ETRETAT. Tounéco, cerné par l’eau, découvre une vie de liberté qui l’appelle à prendre « le large » !
Comment un petit trou dans un grillage peut-il être une porte sur un Nouveau Monde ?
Pour Tounéco, la question ne se pose pas. A chaque sortie en pâture, il s’y faufile pour en voir plus, en savoir plus. Son escapade d’aujourd’hui l’entraîne plus bas dans le clos masure. Le ciel bleu chargé de beaux nuages blancs se réflète près du Colombier.
Il approche, découvre un autre chevreau qui le regarde » par dessous » fixement. Il approche encore, mais l’image se trouble, en ondulation régulière. Il agite son museau trempé pour voir apparaître le chevreau. Impossible de s’en approcher sans le faire disparaître. S’armantde courage, il décide de sauter vers lui pour le toucher… et le voici pataugeant frénétiquement dans la mare où il n’a pas pied (enfin patte, quoi). Il se hisse hors de l’eau par une branche de lierre qui sera sa planche de salut, mais on ne l’y reprendra plus ! « Alors, voici comment on stocke l’eau, ici, tout en haut des falaises ? En utilisant la technique des mares capillaires ! » Si elles peuvent se remplir par la surface lorsqu’il pleut, c’est surtout parce qu’elles sont adossées à une veine d’argile naturelle ou artificielle qu’elles se remplissent. L’eau contenue dans la terre limoneuse vient s’y stocker naturellement assurant sa concentration, et lorsqu’il fait sec, l’eau repart en partie vers cette même terre, lentement, assurant la pousse de l’herbe fraîche, friande d’eau. Le cycle est bouclé mais les humains ont ainsi pu garder d’importantes réserves d’eau pour leurs besoins et ceux du bétail, technique ingénieuse venue des temps anciens et devenue une » institution » des Romains en Normandie voici 2000 ans.

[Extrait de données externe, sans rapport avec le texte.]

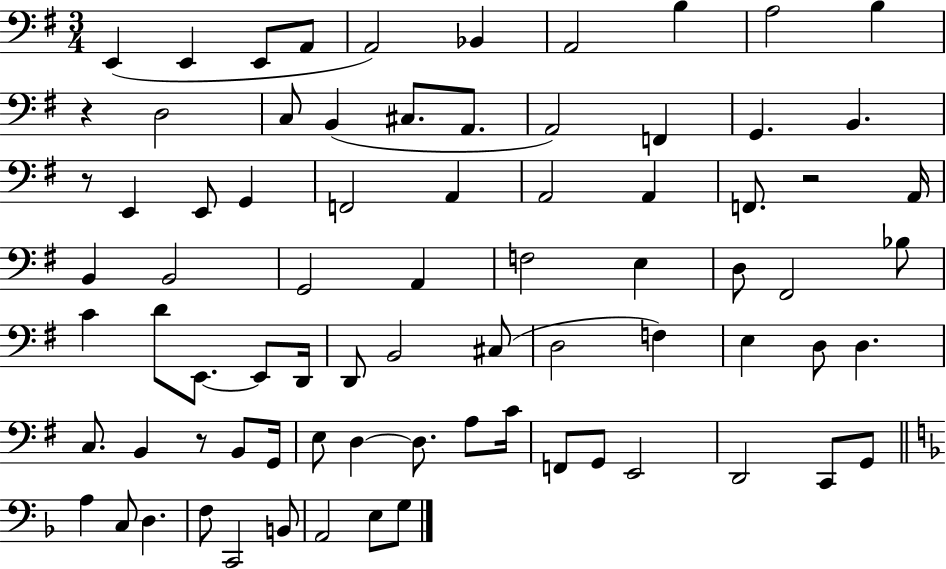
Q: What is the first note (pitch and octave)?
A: E2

Pas le temps de chercher à tout comprendre, Tounéco se glisse vers une partie boisée bien appétissante qui ceinture les bâtiments : le brise-vent. Ici, dans ce lieu ombragé, une végétation quasi luxuriante s’ offre à sa gourmandise : sureau, ronces à mûres et châtaignier, un festin, ont fait table ouverte aux gourmands de son genre. Il avance, toujours à l’ombre, dans ce « buffet » somptueux, ballottant de la queue et grignotant des dents (bis), n’hésitant pas à parfaire son repas de jeunes pousses de chèvrefeuille odorant. Il sent sous ses pattes l’humus frais et humide gorgé d’eau du sous bois, substrat favorisant la vie des nombreux insectes mais aussi des lombrics, ces grands vers de terre à qui la vie sous toutes ses formes doit tant. digérant sans cesse la matière organique du sol, ils en assurent la valorisation et donc la fertilisation qui permettra la renaissance permanente de la vie, végétale et animale. De sa place, il voit de nombreuses voitures qui s’engagent dans le chemin en contre bas pour Valaine, on y donne « Retour aux sources » une pièce de théâtre sur l’eau et son lien particulier à la vie.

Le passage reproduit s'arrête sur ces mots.